*** Opening Supplied data ***

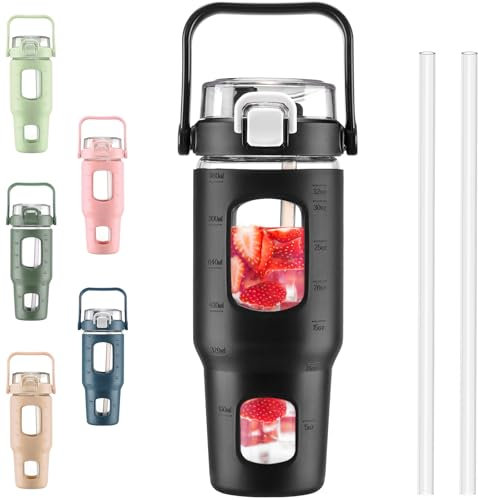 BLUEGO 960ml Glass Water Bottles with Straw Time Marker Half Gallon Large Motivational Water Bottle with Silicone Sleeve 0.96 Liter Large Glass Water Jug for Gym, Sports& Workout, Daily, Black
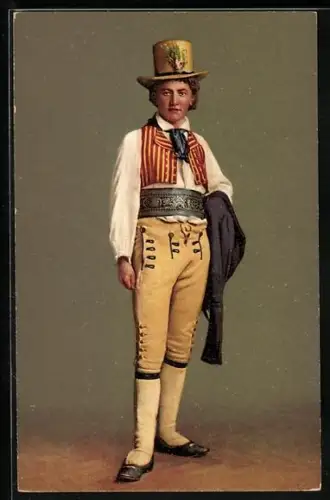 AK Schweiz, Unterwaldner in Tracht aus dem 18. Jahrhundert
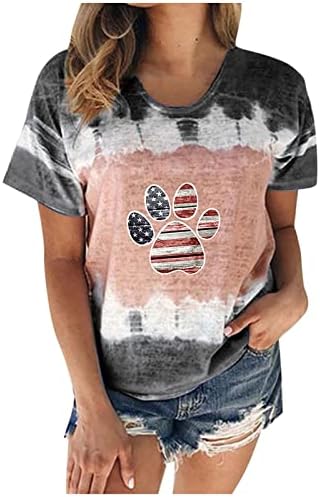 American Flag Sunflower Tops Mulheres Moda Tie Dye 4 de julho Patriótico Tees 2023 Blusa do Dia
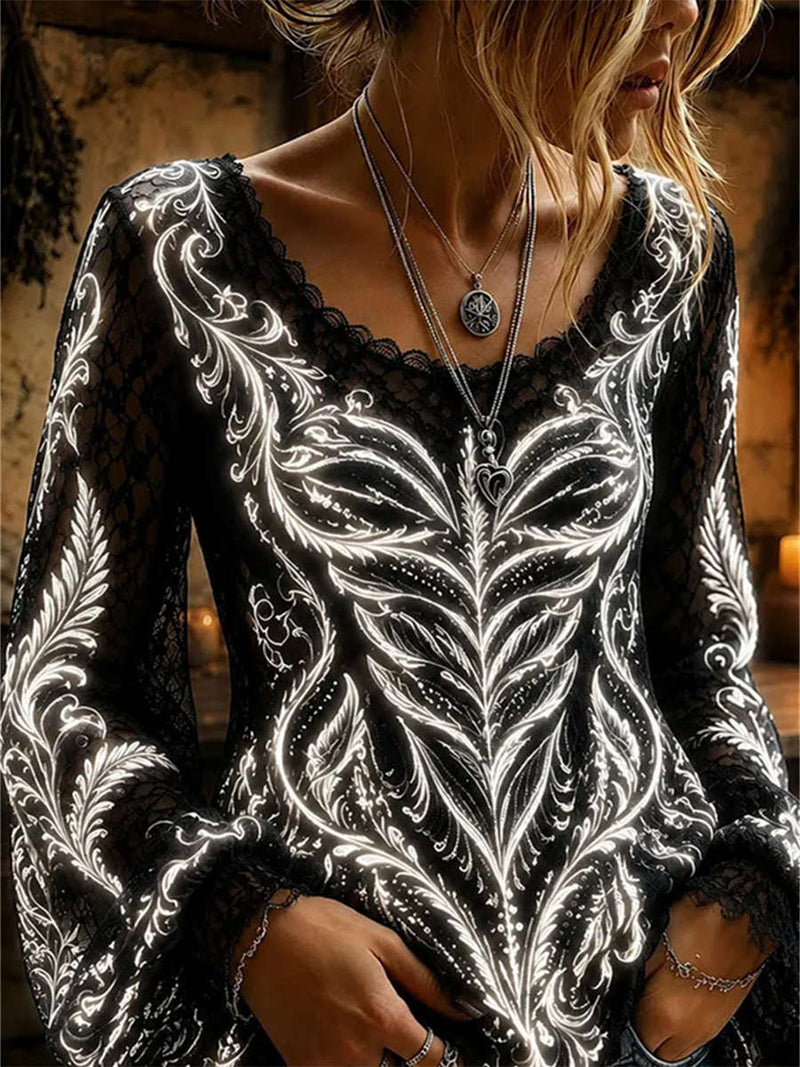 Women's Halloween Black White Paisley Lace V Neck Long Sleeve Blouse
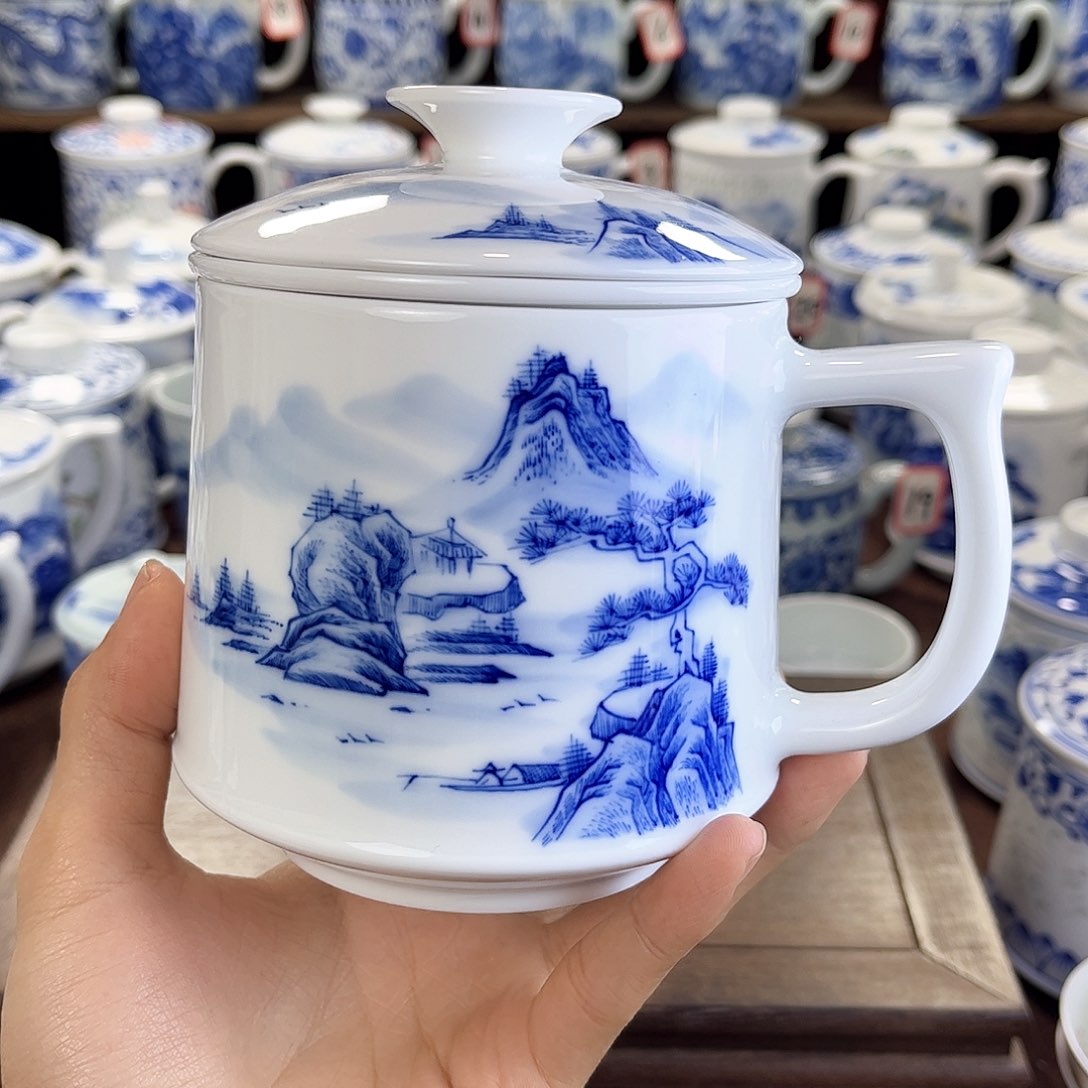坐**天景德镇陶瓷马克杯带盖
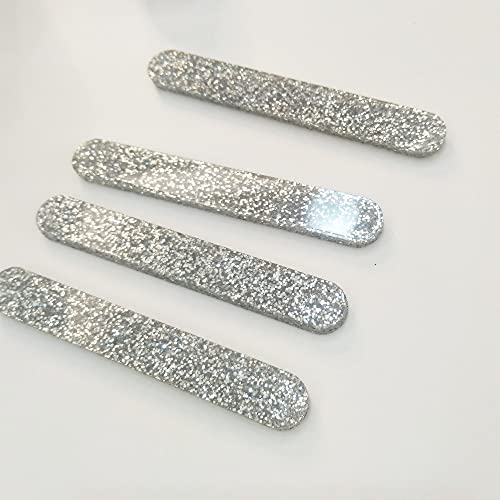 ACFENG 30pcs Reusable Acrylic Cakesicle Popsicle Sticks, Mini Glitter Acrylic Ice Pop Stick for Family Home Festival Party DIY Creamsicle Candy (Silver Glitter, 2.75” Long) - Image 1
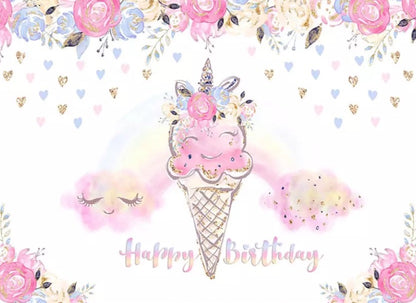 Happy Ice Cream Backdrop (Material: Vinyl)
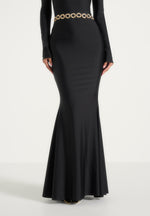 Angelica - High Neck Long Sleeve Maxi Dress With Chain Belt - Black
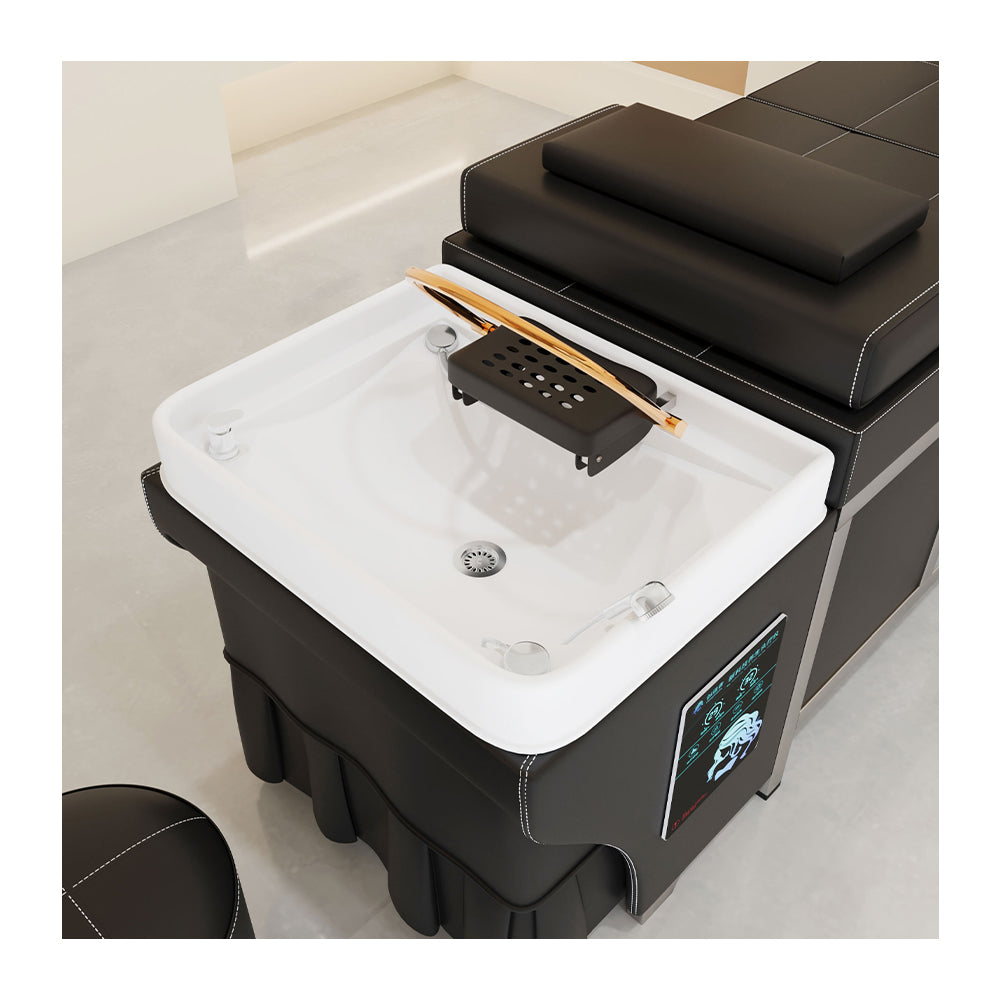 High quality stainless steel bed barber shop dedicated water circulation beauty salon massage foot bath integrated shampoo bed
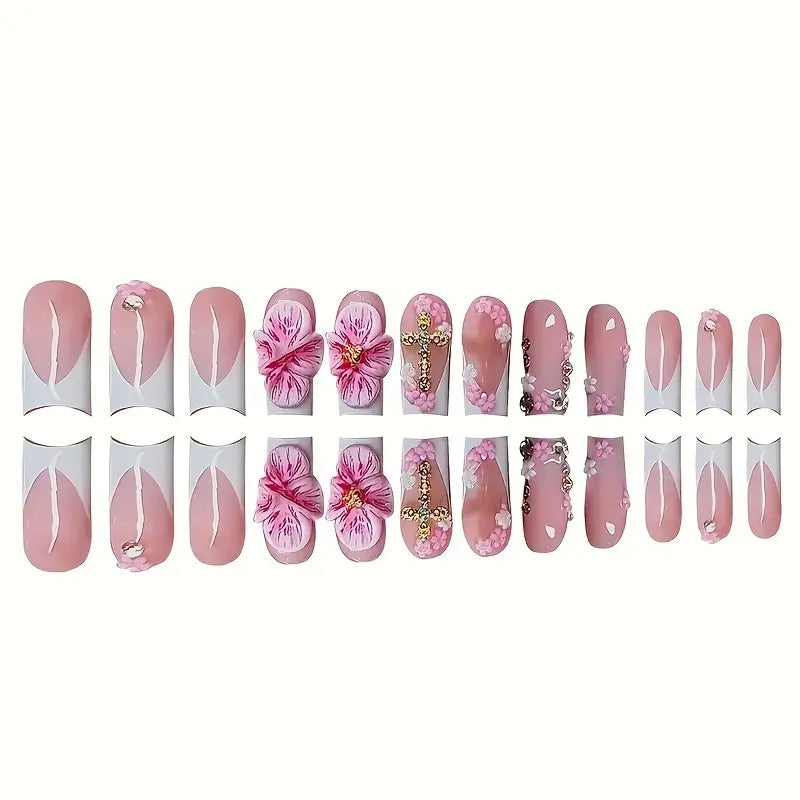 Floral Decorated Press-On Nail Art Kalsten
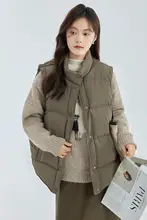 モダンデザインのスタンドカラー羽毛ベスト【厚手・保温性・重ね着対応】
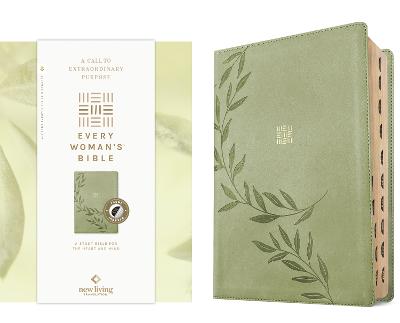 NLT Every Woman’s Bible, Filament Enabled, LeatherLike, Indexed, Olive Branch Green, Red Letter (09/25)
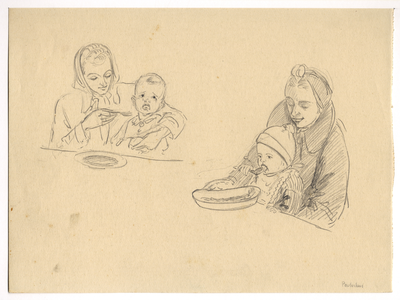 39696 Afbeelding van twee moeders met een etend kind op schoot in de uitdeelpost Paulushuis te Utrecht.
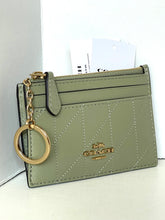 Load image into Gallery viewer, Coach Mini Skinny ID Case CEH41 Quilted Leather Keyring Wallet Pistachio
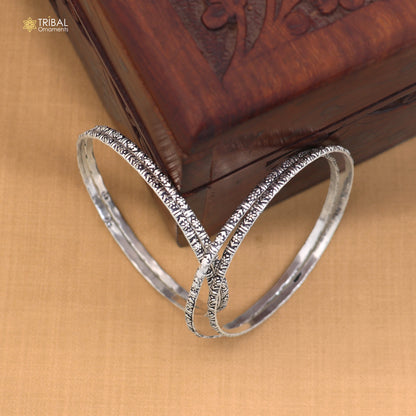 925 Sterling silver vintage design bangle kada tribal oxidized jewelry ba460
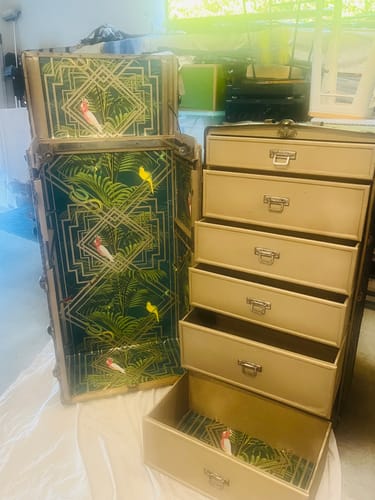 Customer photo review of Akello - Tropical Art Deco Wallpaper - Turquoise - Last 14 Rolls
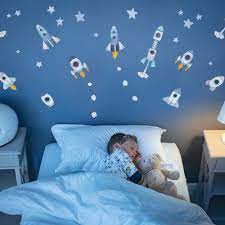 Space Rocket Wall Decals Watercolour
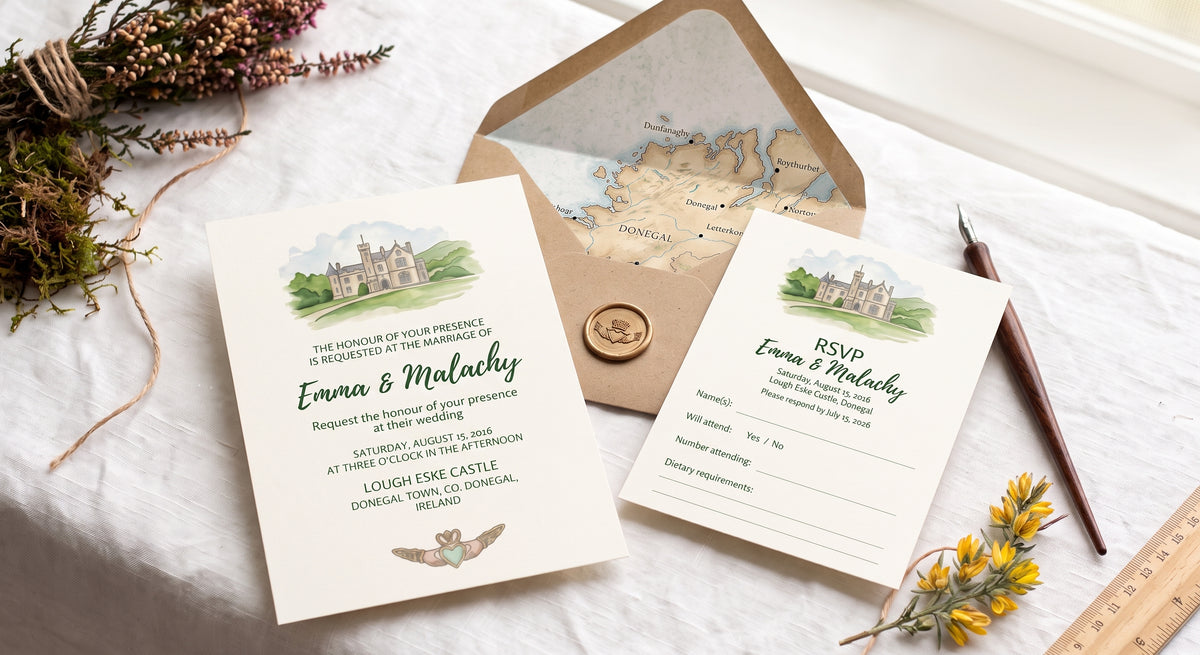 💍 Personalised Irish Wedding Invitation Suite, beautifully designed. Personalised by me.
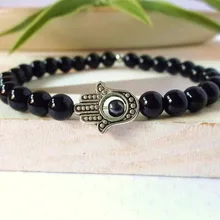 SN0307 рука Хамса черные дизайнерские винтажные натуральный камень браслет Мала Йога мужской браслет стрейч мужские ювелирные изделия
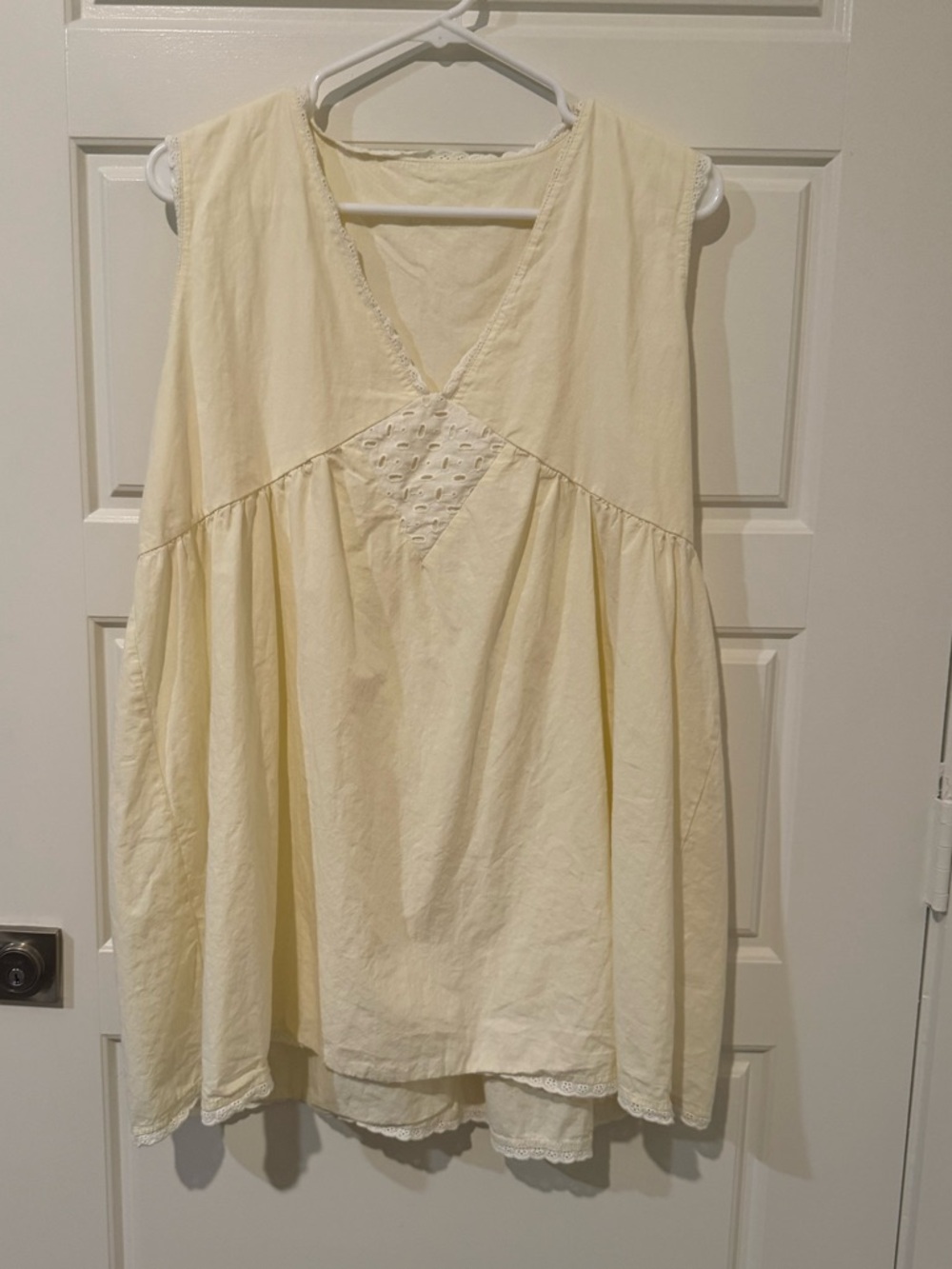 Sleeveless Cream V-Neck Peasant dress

*** Closing Supplied data ***

About this exercise — In the entries above, which lines run from the one with "AK Schweiz, Unterwaldner" up to and including the one with "SN0307 рука Хамса"? Write them out exactly, without the pictures.

Answer to the problem —
 AK Schweiz, Unterwaldner in Tracht aus dem 18. Jahrhundert
 American Flag Sunflower Tops Mulheres Moda Tie Dye 4 de julho Patriótico Tees 2023 Blusa do Dia
 Women's Halloween Black White Paisley Lace V Neck Long Sleeve Blouse
坐**天景德镇陶瓷马克杯带盖
 ACFENG 30pcs Reusable Acrylic Cakesicle Popsicle Sticks, Mini Glitter Acrylic Ice Pop Stick for Family Home Festival Party DIY Creamsicle Candy (Silver Glitter, 2.75” Long) - Image 1
 Happy Ice Cream Backdrop (Material: Vinyl)
 Angelica - High Neck Long Sleeve Maxi Dress With Chain Belt - Black
 High quality stainless steel bed barber shop dedicated water circulation beauty salon massage foot bath integrated shampoo bed
 Floral Decorated Press-On Nail Art Kalsten
 モダンデザインのスタンドカラー羽毛ベスト【厚手・保温性・重ね着対応】
 NLT Every Woman’s Bible, Filament Enabled, LeatherLike, Indexed, Olive Branch Green, Red Letter (09/25)
 39696 Afbeelding van twee moeders met een etend kind op schoot in de uitdeelpost Paulushuis te Utrecht.
 Load image into Gallery viewer, Coach Mini Skinny ID Case CEH41 Quilted Leather Keyring Wallet Pistachio
 925 Sterling silver vintage design bangle kada tribal oxidized jewelry ba460
 Customer photo review of Akello - Tropical Art Deco Wallpaper - Turquoise - Last 14 Rolls
 Space Rocket Wall Decals Watercolour
 💍 Personalised Irish Wedding Invitation Suite, beautifully designed. Personalised by me.
 SN0307 рука Хамса черные дизайнерские винтажные натуральный камень браслет Мала Йога мужской браслет стрейч мужские ювелирные изделия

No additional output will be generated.